Re: Current mainline git (24e700e291d52bd2) hangs when building e.g. perf

From: Linus Torvalds
Date: Sat Sep 09 2017 - 14:03:28 EST


On Sat, Sep 9, 2017 at 10:49 AM, Andy Lutomirski <luto@xxxxxxxxxx> wrote:
>
> Anyway, if I need change the behavior back, I can do it in one of two
> ways. I can just switch to init_mm instead of going lazy, which is
> expensive, but not *that* expensive on CPUs with PCID. Or I can do it
> the way we used to do it and send the flush IPI to lazy CPUs. The
> latter will only have a performance impact when a flush happens, but
> the performance hit is much higher when there's a flush.

Why not both?

Let's at least entertain the idea. In particular, we don't send IPI's
to *all* CPU's. We only send them to the set of CPU's that could have
that MM cached.

And that set _may_ be very limited. In the best case, it's just the
current CPU, and no IPI is needed at all.

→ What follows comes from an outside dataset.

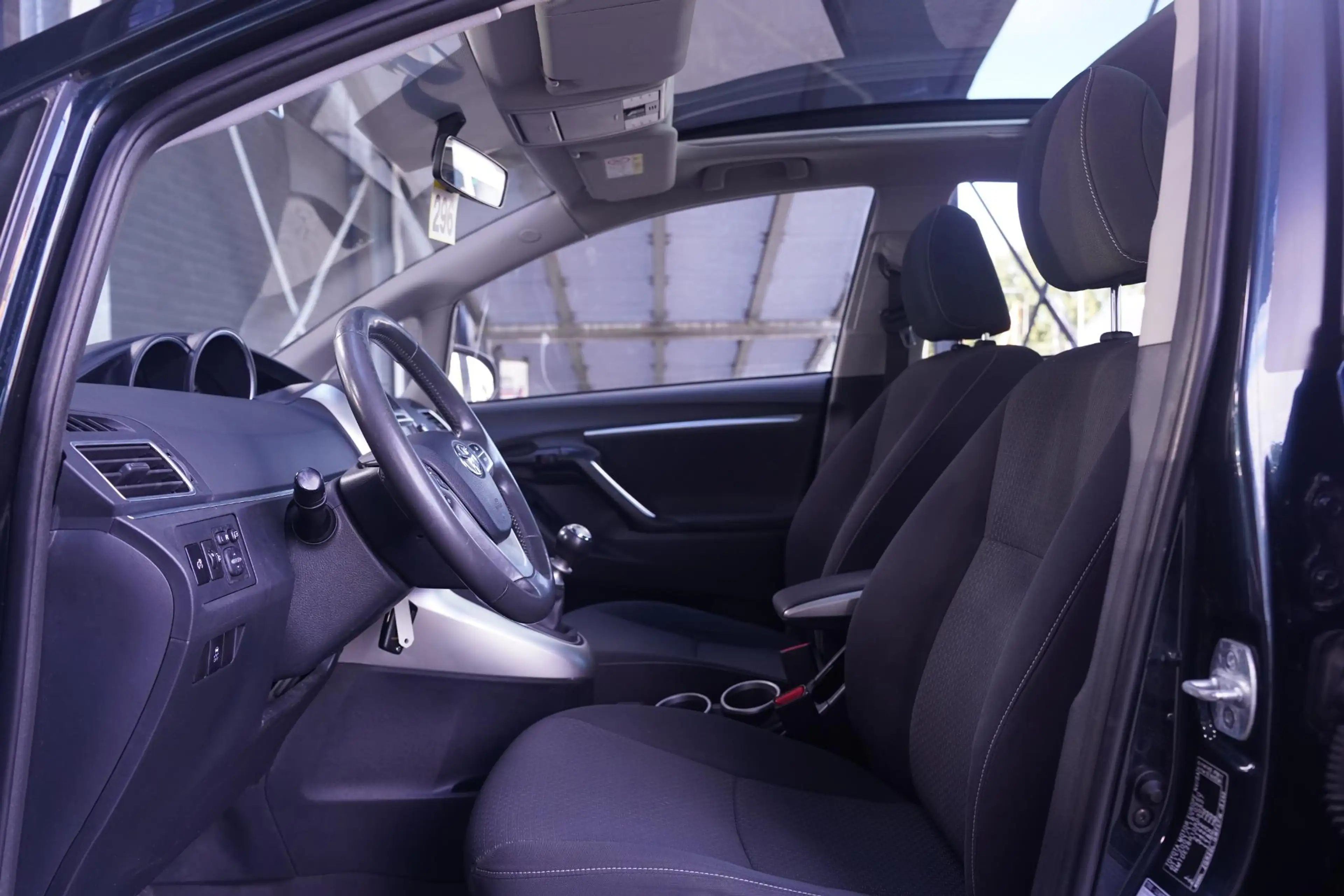 Toyota Verso 1.6 VVT-i Business Camera private-glas trekhaak 16 — photo 33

Which means that maybe we can use that set of CPU's as guidance to how
we should treat lazy.

We can *also* take PCID support into account.

So what I would suggest is something like

- if we have PCID support, _and_ the set of CPU's is more than just
us, just switch to init_mm. The switch is cheaper than the IPI's.

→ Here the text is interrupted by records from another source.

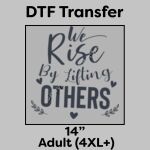 DTF Transfer 14" Thumbnail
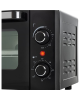 Tristar Mini Oven OV-3615 10 L, Electric, Mechanical, Black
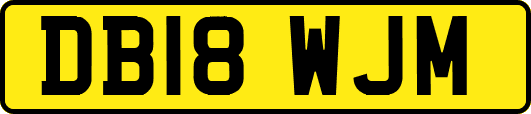 DB18WJM
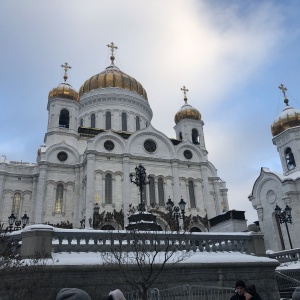 Фото от владельца Храм Христа Спасителя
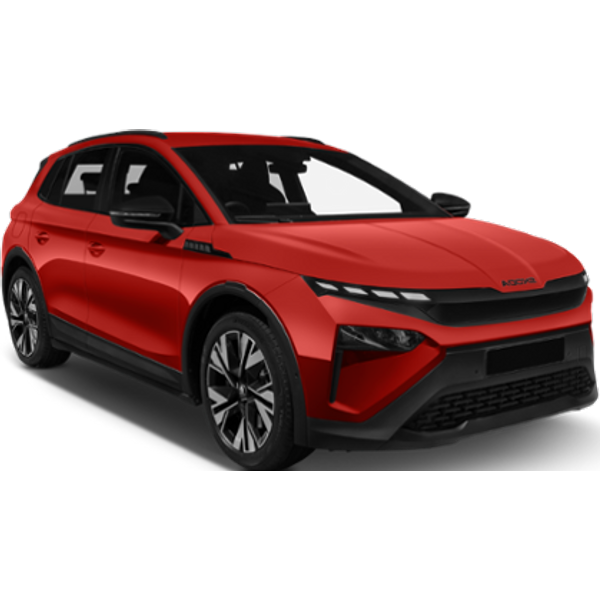 SKELLEFTEA - SKODA ELROQ or similar (Intermediate)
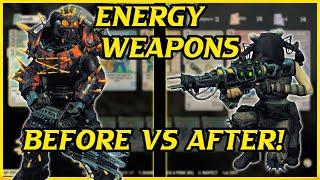 [Fallout 76] - Energy Weapon Changes! How Much Better?!
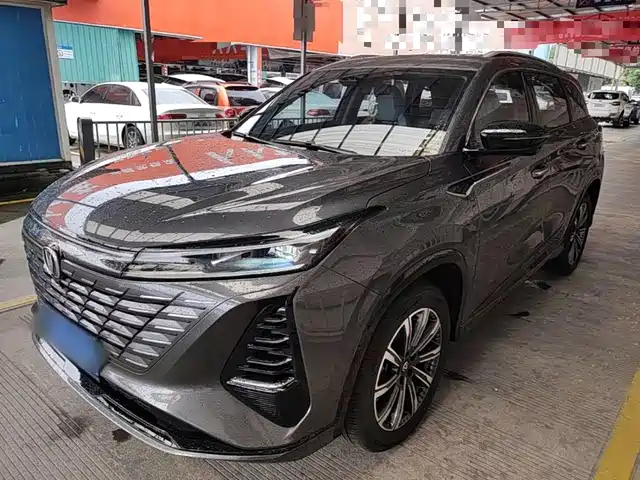 CHANGAN CS75PLUS 2025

- otherwise do what we used to do, with the IPI.

The exact heuristics could be tuned later, but considering Markus's
report, and considering that not so many people have really even
heavily tested the new code yet (so _one_ report now means that there
are probably a shitload of machines that would show it later), I
really think we need to steer back towards our old behavior. But at
the same time, I think we can take advantage of newer CPU's that _do_
have PCID.

Hmm?

Linus